# TLJ Topic Modeling - Scikit-learn LDA - Visualization  & Topics

In [1]:
import pandas as pd
import numpy as np
from pprint import pprint

import pyLDAvis
import pyLDAvis.sklearn

import time

import pickle

# Scikit-learn LDA Default Model (20 Topics)
- Let's look at the results of the default model, choosing a somewhat arbitrary number of topics at 20. 

In [2]:
# Import data
skl_best_lda_model = pickle.load(open('../data/pickles/lda/lda_skl_default_model.pkl', 'rb'))
data_vectorized = pickle.load(open('../data/pickles/lda/lda_skl_default_data_vectorized.pkl', 'rb'))
vectorizer = pickle.load(open('../data/pickles/lda/lda_skl_default_vectorizer.pkl', 'rb'))

### View Topic Keywords

In [3]:
def display_topics(model, feature_names, no_top_words):
    for topic_idx, topic in enumerate(model.components_):
        print("Topic %d:" % (topic_idx))
        print(", ".join([feature_names[i]
                        for i in topic.argsort()[:-no_top_words - 1:-1]]))

no_top_words = 20
display_topics(skl_best_lda_model, vectorizer.get_feature_names(), no_top_words)

Topic 0:
characters, like, johnson, rian, jedi, disney, one, good, awakens, force, franchise, story, original, bad, even, fan, trilogy, made, see, new
Topic 1:
like, disney, good, one, even, see, bad, force, fans, movies, story, could, way, get, time, characters, people, character, episode, fan
Topic 2:
one, like, disney, force, people, episode, jedi, bad, reviews, films, many, awakens, fans, story, even, good, made, know, going, first
Topic 3:
filler, like, one, hate, see, disney, bad, good, people, plot, watch, many, say, thought, worst, characters, fans, way, get, even
Topic 4:
like, character, characters, story, one, luke, good, force, plot, jedi, even, bad, new, space, johnson, first, made, time, movies, awakens
Topic 5:
jedi, bad, one, new, story, good, plot, movies, characters, way, long, like, let, two, character, better, many, could, least, even
Topic 6:
even, one, characters, like, good, see, character, plot, scenes, time, get, could, felt, going, great, many, force, way, sto

- Again we see some topics that are somewhat intelligible, but they just aren't as clear as we might want.

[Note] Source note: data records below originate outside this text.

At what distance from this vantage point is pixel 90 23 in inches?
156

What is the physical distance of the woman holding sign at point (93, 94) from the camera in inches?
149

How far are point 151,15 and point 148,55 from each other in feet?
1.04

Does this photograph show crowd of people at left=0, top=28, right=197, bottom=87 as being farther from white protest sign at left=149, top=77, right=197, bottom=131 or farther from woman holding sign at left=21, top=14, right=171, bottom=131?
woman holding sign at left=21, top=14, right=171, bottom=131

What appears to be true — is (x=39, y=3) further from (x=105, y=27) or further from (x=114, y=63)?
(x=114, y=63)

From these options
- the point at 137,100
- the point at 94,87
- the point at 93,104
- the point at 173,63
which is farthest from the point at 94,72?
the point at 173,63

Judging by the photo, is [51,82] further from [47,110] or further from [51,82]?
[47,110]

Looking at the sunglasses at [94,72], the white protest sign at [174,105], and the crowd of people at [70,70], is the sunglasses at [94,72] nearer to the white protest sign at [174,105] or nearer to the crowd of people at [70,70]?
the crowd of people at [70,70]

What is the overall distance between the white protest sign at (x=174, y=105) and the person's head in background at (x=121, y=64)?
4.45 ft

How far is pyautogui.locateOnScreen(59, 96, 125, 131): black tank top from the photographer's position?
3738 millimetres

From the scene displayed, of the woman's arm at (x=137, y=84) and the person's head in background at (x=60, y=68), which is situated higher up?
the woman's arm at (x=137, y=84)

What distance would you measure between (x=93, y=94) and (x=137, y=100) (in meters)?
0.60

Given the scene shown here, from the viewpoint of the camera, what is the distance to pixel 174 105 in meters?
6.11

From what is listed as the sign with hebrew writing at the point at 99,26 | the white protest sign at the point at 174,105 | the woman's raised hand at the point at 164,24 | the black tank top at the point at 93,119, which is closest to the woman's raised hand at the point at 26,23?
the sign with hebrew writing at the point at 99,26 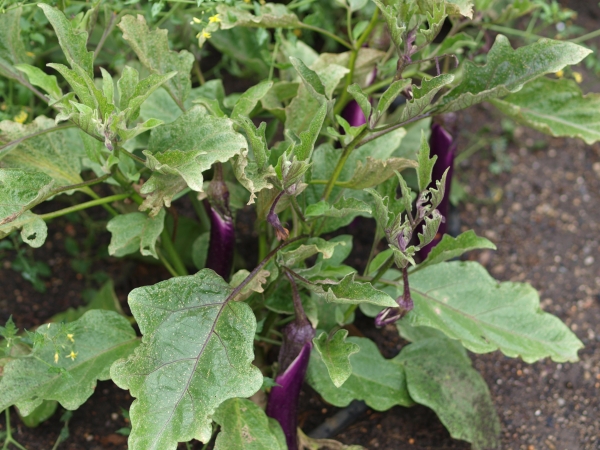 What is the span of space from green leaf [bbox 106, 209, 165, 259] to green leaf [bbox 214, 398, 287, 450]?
0.29 m

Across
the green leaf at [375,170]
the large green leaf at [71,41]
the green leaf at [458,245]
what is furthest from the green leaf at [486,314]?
Result: the large green leaf at [71,41]

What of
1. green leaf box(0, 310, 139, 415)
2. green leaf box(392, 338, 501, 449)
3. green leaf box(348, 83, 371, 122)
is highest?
green leaf box(348, 83, 371, 122)

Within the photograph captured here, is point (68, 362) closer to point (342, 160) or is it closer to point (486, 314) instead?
point (342, 160)

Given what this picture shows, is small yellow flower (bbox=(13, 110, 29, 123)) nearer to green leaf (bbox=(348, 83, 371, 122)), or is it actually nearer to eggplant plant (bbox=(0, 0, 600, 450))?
eggplant plant (bbox=(0, 0, 600, 450))

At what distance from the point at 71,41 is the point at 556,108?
2.80 ft

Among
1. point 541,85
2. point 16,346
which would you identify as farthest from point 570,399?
point 16,346

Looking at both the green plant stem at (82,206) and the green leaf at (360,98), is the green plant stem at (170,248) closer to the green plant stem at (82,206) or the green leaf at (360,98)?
the green plant stem at (82,206)

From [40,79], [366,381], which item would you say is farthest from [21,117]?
[366,381]

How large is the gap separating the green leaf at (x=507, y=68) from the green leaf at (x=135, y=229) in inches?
19.3

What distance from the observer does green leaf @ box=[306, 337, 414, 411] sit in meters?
1.30

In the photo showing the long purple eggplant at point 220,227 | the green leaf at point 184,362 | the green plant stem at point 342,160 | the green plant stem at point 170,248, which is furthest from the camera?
the green plant stem at point 170,248

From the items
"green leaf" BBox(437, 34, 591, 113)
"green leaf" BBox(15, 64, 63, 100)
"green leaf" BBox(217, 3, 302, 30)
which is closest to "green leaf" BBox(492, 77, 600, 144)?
"green leaf" BBox(437, 34, 591, 113)

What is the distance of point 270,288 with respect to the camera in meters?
1.23

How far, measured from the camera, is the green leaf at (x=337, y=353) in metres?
1.07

We'll move on to GridSearch to see if we can find optimal values based upon log-likelihood, the main scoring metric in the Scikit-learn version of LDA.

### Visualize Results

In [5]:
# Visualize with pyLDAvis
pyLDAvis.enable_notebook()
panel_1 = pyLDAvis.sklearn.prepare(skl_best_lda_model, data_vectorized, vectorizer)
panel_1

- This is perhaps somewhat better than the results we were seeing in gensim, but there is still significant overlap between topics. 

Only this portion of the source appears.